Summer of Love

  Ronia the Robber’s Daughter, first published in the fall of 1981, is about two children who, like Henry David Thoreau, turn their backs on the materialistic order of the world. Each has grown up as the only child in a separate half of the same castle, each living among a patriarchal gang of robbers where life revolves around stealing from others and waging war with the rival gang. Eventually the two children decide to leave home, in a youthful, antiauthoritarian protest against their fathers’ norms, embracing the boundless freedom of the woods instead. They plan to build a new home and live in harmony with nature, “in day as well as night, under sun, moon and stars, and during the silent passing of the seasons.”

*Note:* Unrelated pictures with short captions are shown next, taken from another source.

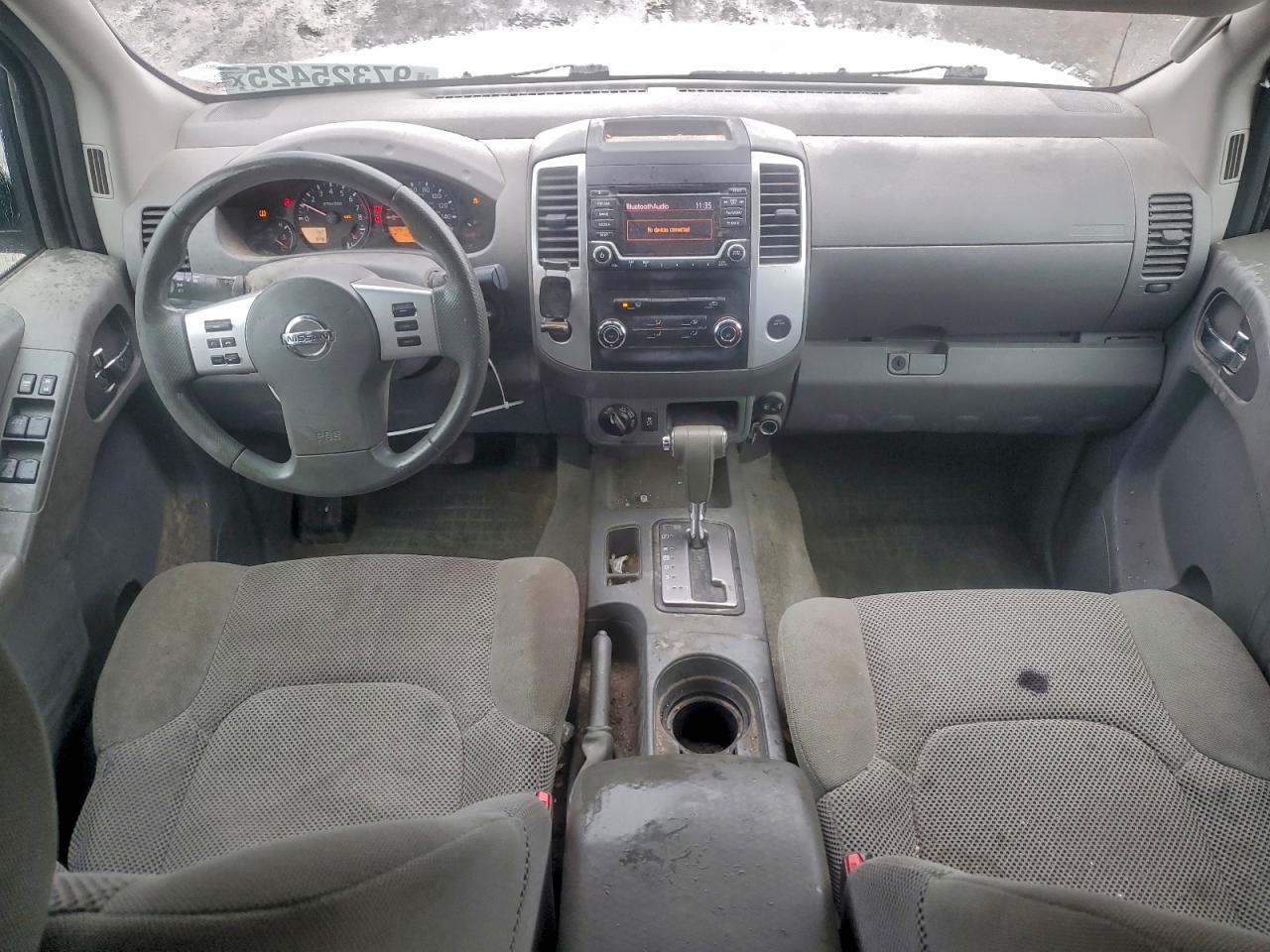 2017 NISSAN FRONTIER S photo 8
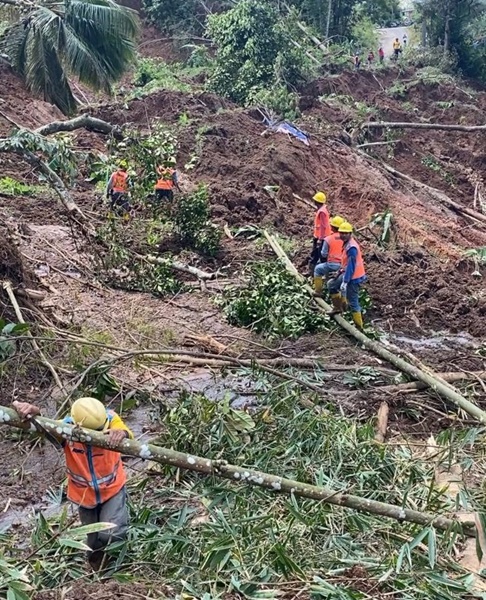 PLN ULP Dolopo kerja keras pulihkan pasokan listrik Kecamatan Ngebel yang terkena bencana tanah longsor , Senin ( 24/10/2022) 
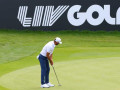 LIV Golf 2022: Khi tiền bạc "đánh bay" thứ hạng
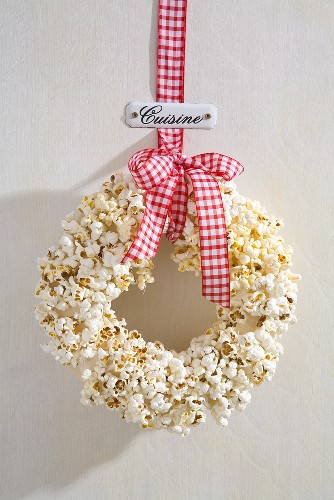 Popcorn wreath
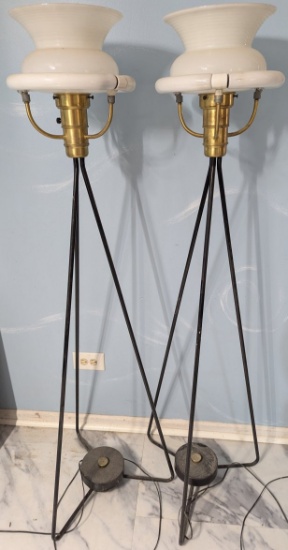 Mid Century Modern Pair of Gerald Thurston Tripod Floor Lamps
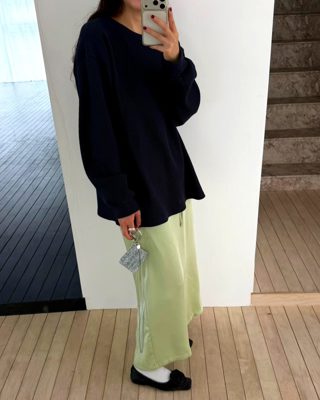 浅绿色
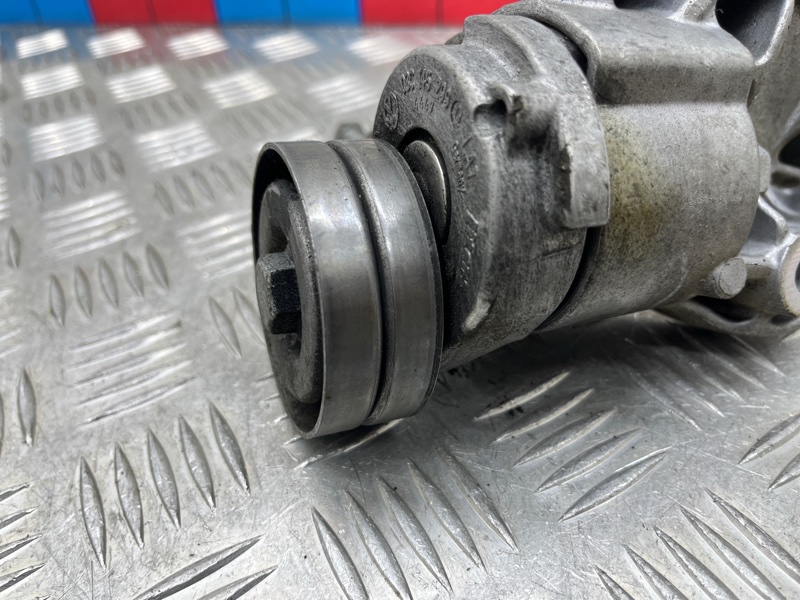 Натяжитель ремня Tiguan 2014 1 NF CAXA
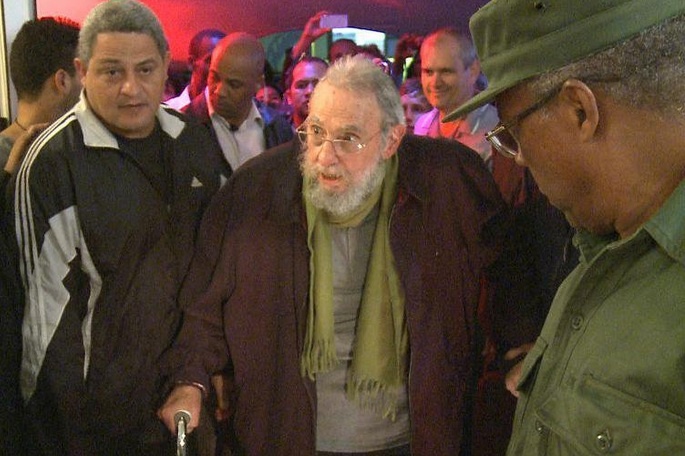 فیدل کاسترو با عصا و سمعک در انظار عمومی حاضر شد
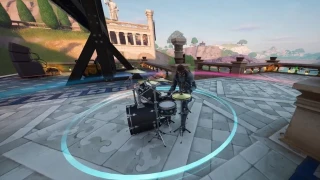 Faire une impro musicale sur la scène de Restored Reels et sur la piste de danse de la Siesterie, défi Fortnite saison 2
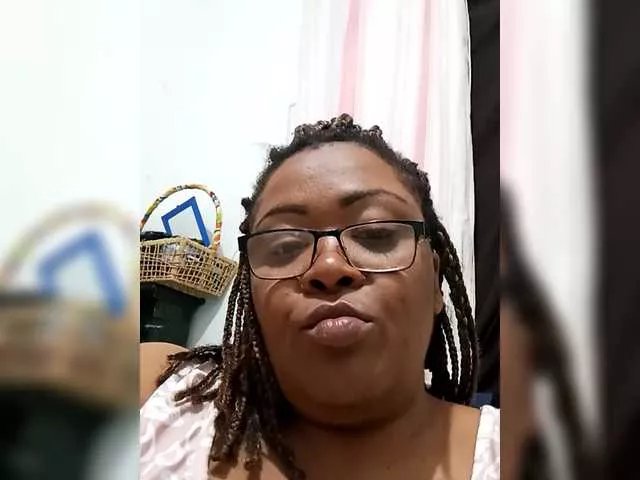 Offline Lilith826 on BongaCams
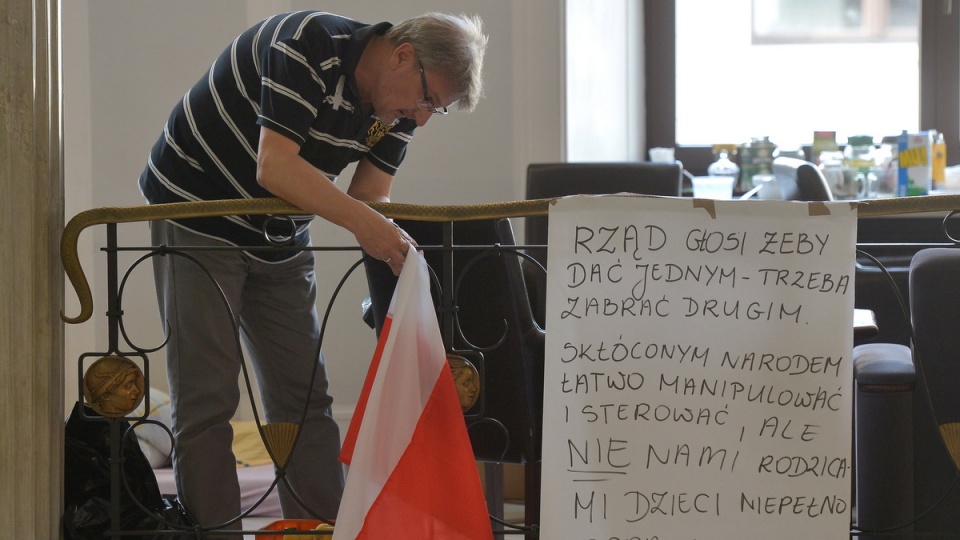 Sejmowy protest z udziałem m.in. niepełnosprawnych dzieci, trwał od ponad dwóch tygodni. Fot. PAP/Radek Pietruszka
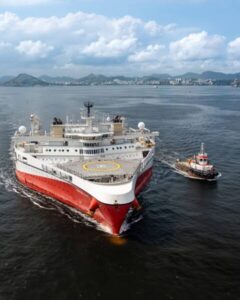 Maior navio sísmico do mundo chega ao Maranhão para pesquisa de petróleo e gás na Margem Equatorial em Barreirinhas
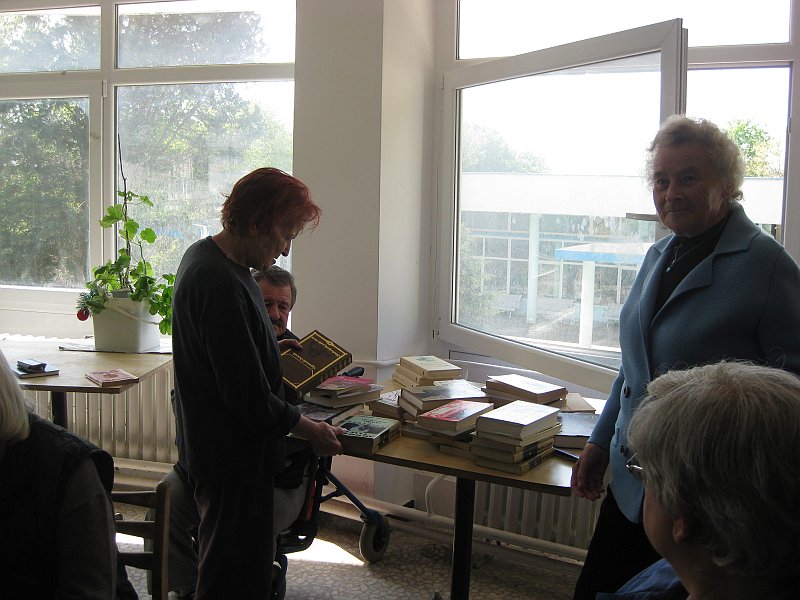 IMG_3499.JPG - Четене в Дом "Гергана" съвместно с Клуб "Приятели на библиотеката"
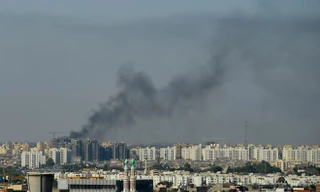 Khói bốc lên trong vụ tấn công tại sân bay quốc tế ở Tripoli, ngày 13/7.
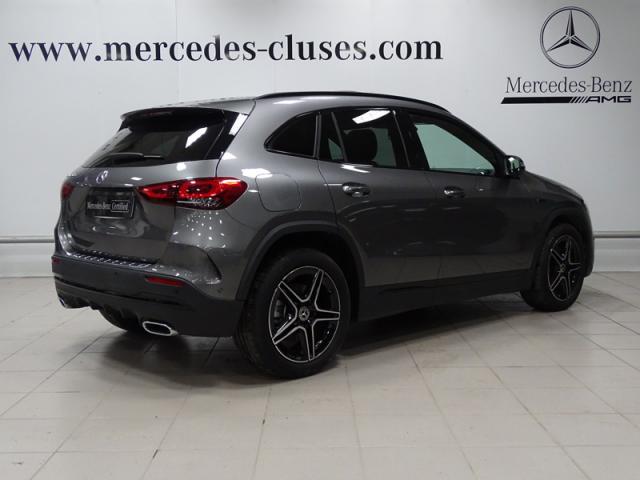 Mercedes Benz Gla image 9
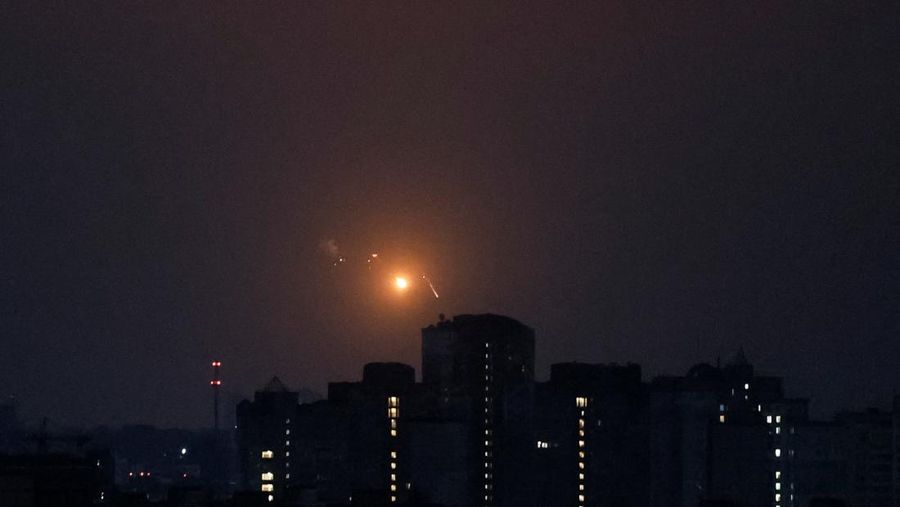 Dampak serangan pesawat tak berawak Rusia di Zaporizhzhia, Ukraina, Kamis (26/2/2026). (REUTERS/Stringer)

  Eleven-year-old Ronia and Birk are described at the beginning of the novel as loners, à la Thoreau. They have no need for the company of others, and from a young age they have learned to roam through the woods, where they feel no more lonely than the sunrise, the blueberry bushes, the rainbow, the North Star, or the squirrels, elk, foxes, and hare. As the novel’s narrator observes of Ronia: “She lived her solitary forest life. Yes, she was solitary, but she never missed anybody. Who was there to miss? Her days were full of life and happiness.”

  Things change, however, when Ronia meets Birk, and after overcoming various social barriers they “become affectionately attached,” as Astrid Lindgren put it in an interview before publication in 1981. This attachment centers around a psychological affinity and connectedness to nature, something that’s emphasized in a near-wordless scene after the children have survived both a forest witch and a waterfall. They lie hidden underneath the dense green branches of a big tree: “‘My sister,’ said Birk. Ronia didn’t hear him, but she read his lips. And although neither of them could hear a word, they talked. About things that had to be said before it was too late. About how nice it was to love someone so much you didn’t even need to fear things that were terrifying. That was what they talked about, although neither of them heard a single word.”

  Another emotional force in the novel, equally powerful as the one that unites Ronia and Birk, is their devotion to nature. “The wild woods are dear to them,” the narrator declares of Ronia and Birk, who live in triumphant harmony with all the living creatures around them. A “summer’s ecstasy” was Astrid Lindgren’s term for their intense day-to-day life in the woods: “‘We have only this summer, you and I,’ said Birk. . . . Summer doesn’t last forever. He knew that, and Ronia knew it too. Yet they began to live as though it did.”

  It was exactly this concentrated, vegetative calm that Astrid Lindgren sought and found on Furusund. A life purposefully inactive, simple, and quiet, in glaring contrast to her stressful urban existence in Dalagatan, with its daily meetings and countless tasks. Out among the islands, Astrid did nothing, she felt, except give herself over to nature and her books and stenographic pads. Here “life played with her,” as she explained in a letter to Anne-Marie in July 1980, after the operation on her gallstone: “The glorious thing about being a convalescent is that you can do absolutely nothing without feeling guilty. Now I’m going to hurry down to the mailbox with this letter—oh yes, I can cycle—and afterward I’ll ride home again and do nothing. Life is glorious.”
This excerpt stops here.